Wiegand kreeg 23 overwinningen op zijn actief, behaald tussen juli '43 en juli '44. - zijn totale score zou boven de 30 liggen. Een van zijn eerste overwinningen was de Spitfire van Sgt Carmichael, die de werkgroep Huyghe-Decuypere in 2002 wist te bergen—de Merlin-motor staat in de BAHA Collection Erembodegem tentoongesteld.

Gerd haalde drie Lightnings van de 55 Fighter Group neer - Thompson was zijn eerste. Zijn verdere belevenissen zijn kenschetsend voor de carrières van jonge jachtpiloten, waarin successen afgewisseld werden met harde tegenslagen. Op 8 maart 1944 raakte hij bij een gevecht met Thunderbolts van de 56 FG gewond aan zijn hand. Op 22 april 1944 verloor hij zijn Staffelkapitän, Oblt Wolfgang Neu.  Op 11 juni 1944 kwam hij weer in confrontatie met de 55 Fighter Group. Hij haalde er twee van neer (ze werden hem ook nooit toegewezen), maar een derde beschoot hem en Wiegand moest uitstappen. Bij de landing raakte hij gewond. Voor Wiegand was het welletjes geweest, hij keerde nooit meer terug naar het front.

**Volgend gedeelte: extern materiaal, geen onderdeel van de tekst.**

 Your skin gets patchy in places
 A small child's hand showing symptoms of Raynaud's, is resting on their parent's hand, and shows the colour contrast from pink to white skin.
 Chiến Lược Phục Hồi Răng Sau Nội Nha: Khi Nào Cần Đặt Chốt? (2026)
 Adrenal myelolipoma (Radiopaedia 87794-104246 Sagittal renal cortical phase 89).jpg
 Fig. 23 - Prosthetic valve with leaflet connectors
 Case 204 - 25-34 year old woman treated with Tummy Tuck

Na de oorlog vatte hij architectuurstudies aan. Voor de Spelen van Munchen tekende hij het Olympische dorp. In 1992 keerde de veteraan eens naar zijn voormalige “Fliegerhorst”  Wevelgem terug, waar we hem ontmoetten en hij ons zijn verhaal van de Lightning van Stekene verteld.

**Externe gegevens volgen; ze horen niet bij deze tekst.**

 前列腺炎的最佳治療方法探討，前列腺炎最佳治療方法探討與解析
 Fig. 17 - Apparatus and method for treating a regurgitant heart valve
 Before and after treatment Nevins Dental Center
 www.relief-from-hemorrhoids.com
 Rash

Gerd Wiegand overleed enkele jaren terug.

Vraagtekens rond de piloot

Terugkerend naar de crash van januari 1944 te Stekene, halen we ook nog een rapport aan, genoteerd door enkele inlichtingsagenten van het Belgische verzet :

Op 24.1.44, om 12.30 uur, werd een bommenwerper "LIGHTNING" door twee Duitse jagers bij Stekene neergehaald. Het toestel was volledig verbrand, er was geen enkel herkenningsteken zichtbaar. Twee inzittenden konden ontsnappen, de derde was gewond aan de schouder en aan de bil en werd krijgsgevangen genomen. Hij kon nog stappen. Het schijnt hier te gaan over een kapitein die "Marcel Guia ? Marciguia ?" heet. Ongeveer 1.90 m groot en zowat 100 kg zwaar.

Waar de vreemde naam vandaan komt, hebben we nog niet kunnen achterhalen. Het verzet wist ook nog niet dat een Lightning een jager was, en geen bommenwerper, en dat er slechts één man aan boord was.

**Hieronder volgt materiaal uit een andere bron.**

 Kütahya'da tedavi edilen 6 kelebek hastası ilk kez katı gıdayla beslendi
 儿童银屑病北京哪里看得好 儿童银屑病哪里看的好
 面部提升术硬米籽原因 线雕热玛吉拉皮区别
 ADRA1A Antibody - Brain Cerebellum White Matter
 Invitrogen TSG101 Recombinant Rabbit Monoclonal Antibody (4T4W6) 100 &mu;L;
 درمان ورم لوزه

Sommige ooggetuigen  hoorden achteraf dat een van de Duitsers een kogel afvuurde in het been van de piloot. De dader zou hiervoor een flinke uitbrander gekregen hebben van zijn overste in het kampement van Koewacht.

De crash werd ook vermeld in het dagboek van het vliegveld Gilze-Rijen  "1220 Uhr, Absturz einer Lightning im Luftkampf bei Hulst (Sect. Flandern). Flugzeugfuhrer (Amerikaner) verwundet gefangen" - wat bevestigt dat Thompson niet helemaal ongeschonden uit het avontuur kwam.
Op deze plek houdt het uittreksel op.